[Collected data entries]

^^^^^^^^

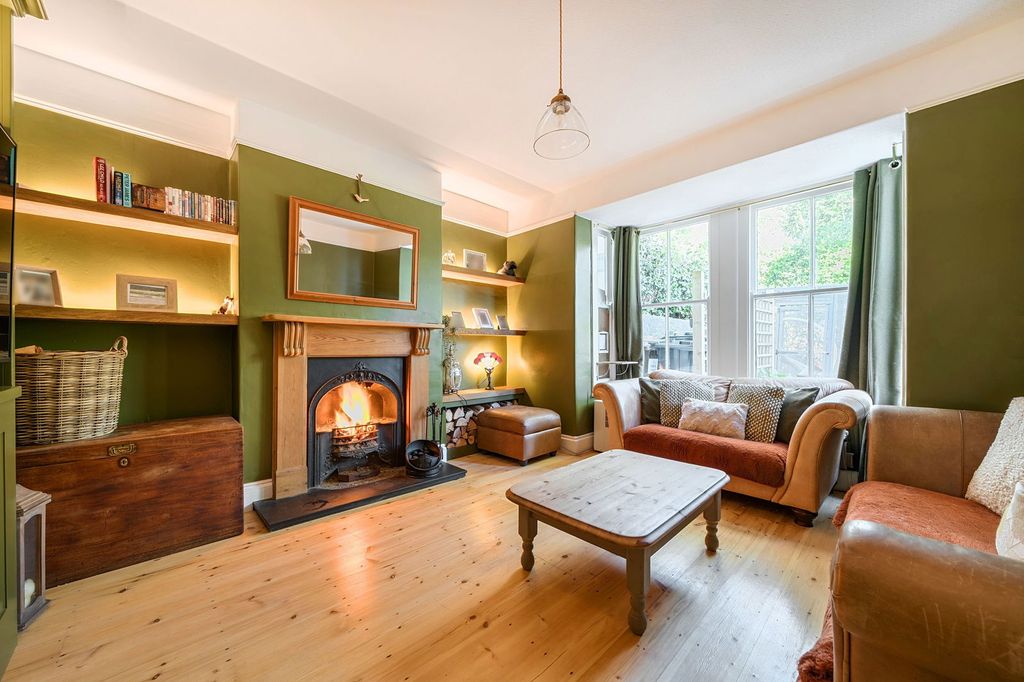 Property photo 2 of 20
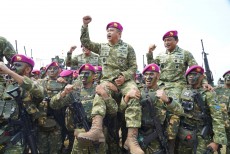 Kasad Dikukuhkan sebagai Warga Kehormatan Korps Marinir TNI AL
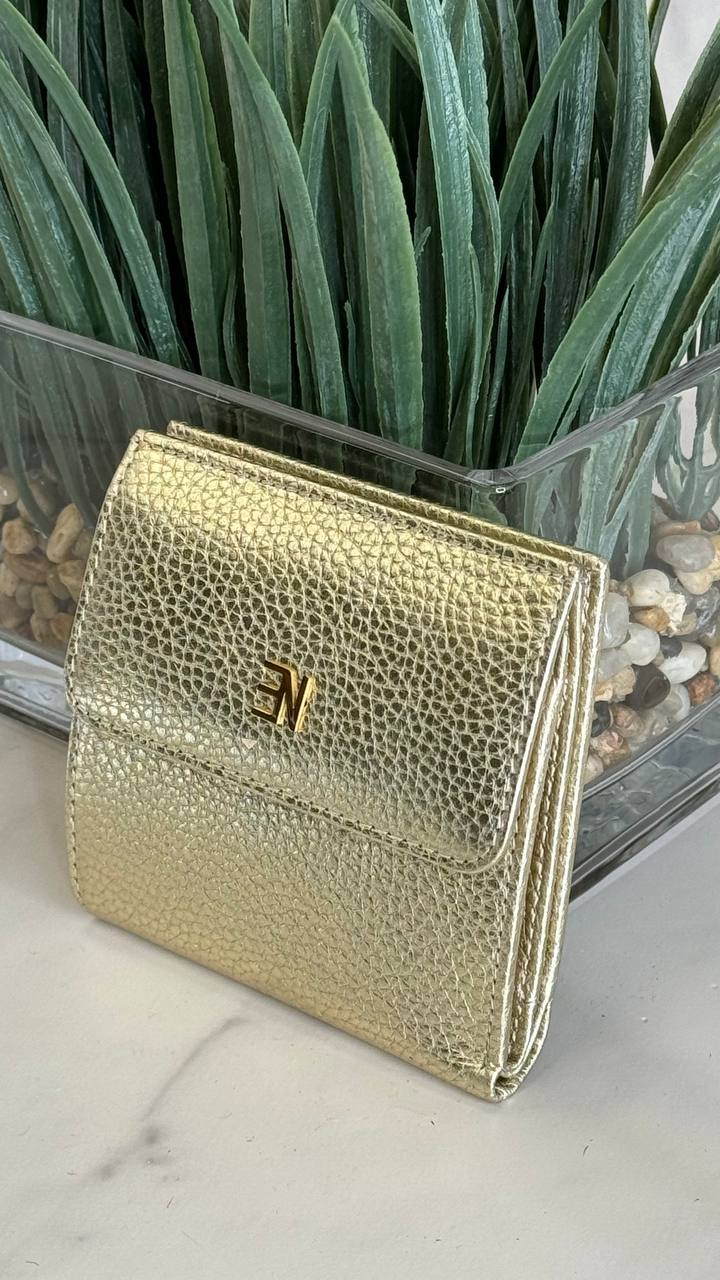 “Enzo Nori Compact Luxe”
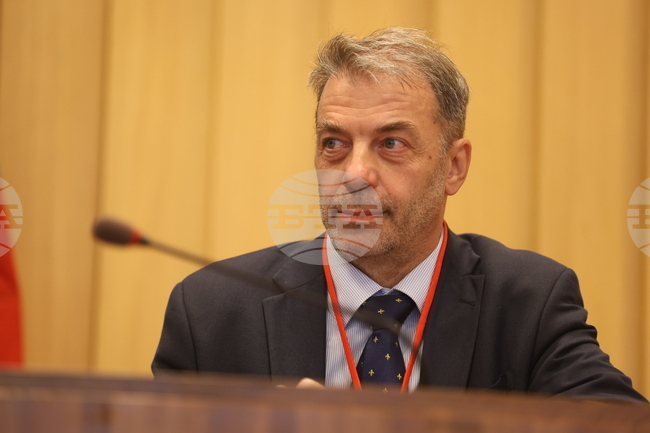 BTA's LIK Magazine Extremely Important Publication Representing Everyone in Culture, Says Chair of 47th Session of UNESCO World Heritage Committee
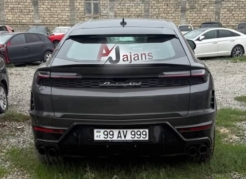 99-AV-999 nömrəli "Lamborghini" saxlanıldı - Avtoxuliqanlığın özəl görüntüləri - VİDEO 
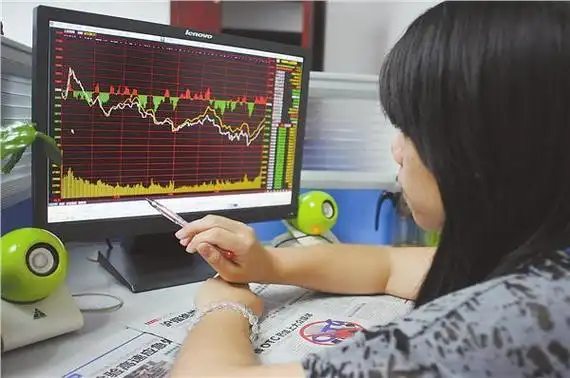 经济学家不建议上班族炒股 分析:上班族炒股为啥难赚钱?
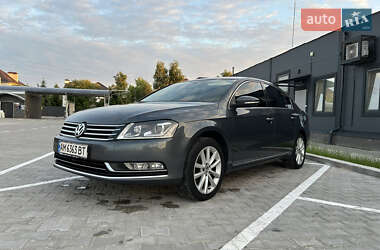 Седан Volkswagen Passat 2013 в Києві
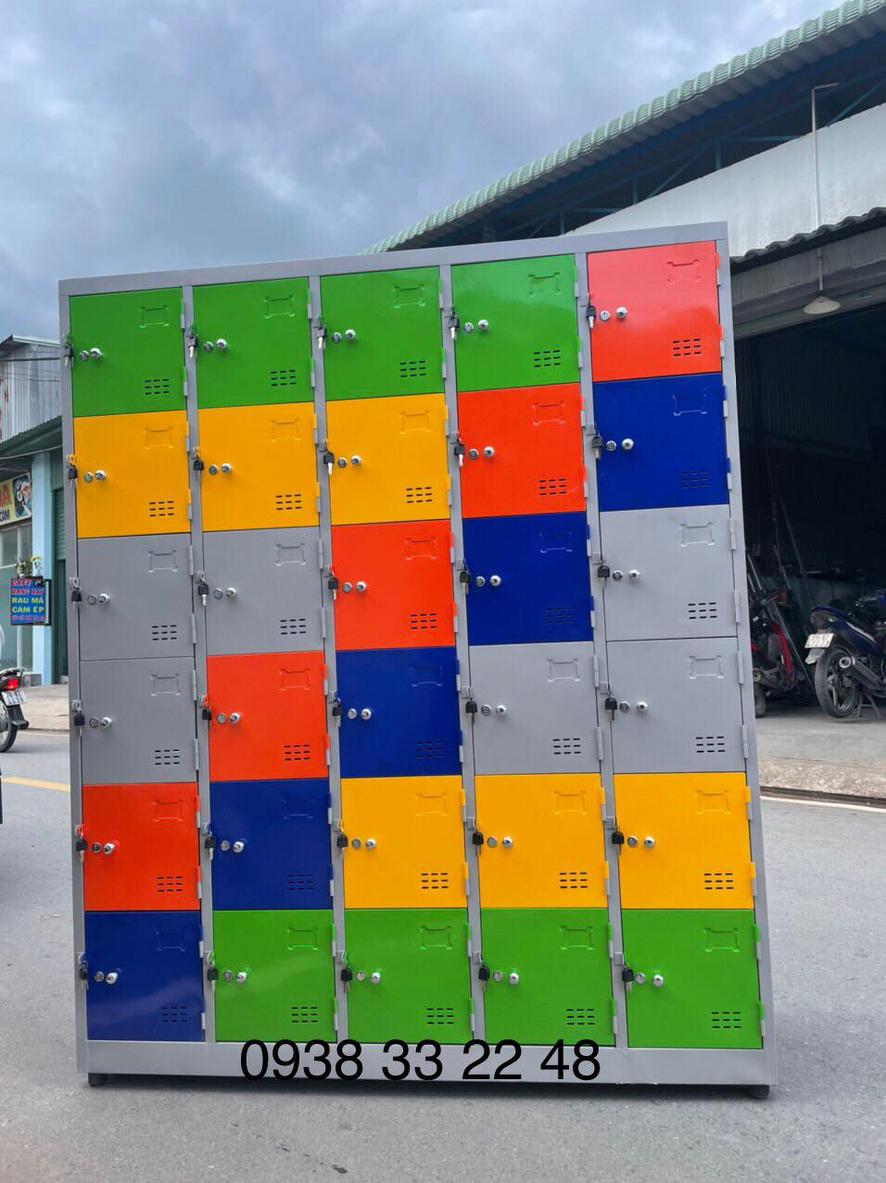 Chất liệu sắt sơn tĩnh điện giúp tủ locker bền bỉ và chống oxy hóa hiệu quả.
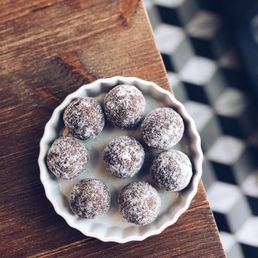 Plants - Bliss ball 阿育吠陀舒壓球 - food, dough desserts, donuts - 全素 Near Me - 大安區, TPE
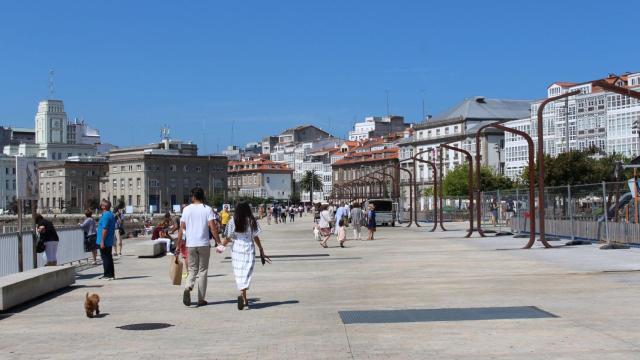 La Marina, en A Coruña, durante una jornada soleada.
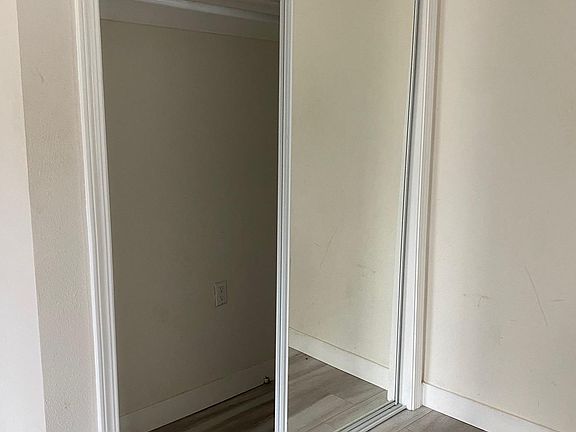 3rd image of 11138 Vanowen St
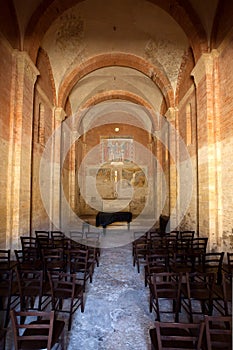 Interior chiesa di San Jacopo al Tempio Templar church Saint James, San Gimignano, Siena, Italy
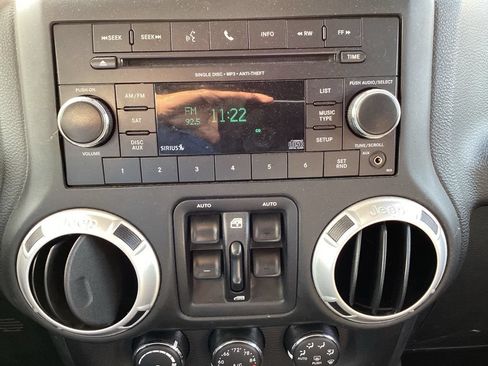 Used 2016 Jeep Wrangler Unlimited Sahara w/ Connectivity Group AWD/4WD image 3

^^^^^^^^

What the exercise asks:
Write the lines from the one containing "Plants - Bliss" through the end of the data above exactly as they appear, and do not carry over any picture.

Result below:
 Plants - Bliss ball 阿育吠陀舒壓球 - food, dough desserts, donuts - 全素 Near Me - 大安區, TPE
 La Marina, en A Coruña, durante una jornada soleada.
 3rd image of 11138 Vanowen St
 Interior chiesa di San Jacopo al Tempio Templar church Saint James, San Gimignano, Siena, Italy
 Used 2016 Jeep Wrangler Unlimited Sahara w/ Connectivity Group AWD/4WD image 3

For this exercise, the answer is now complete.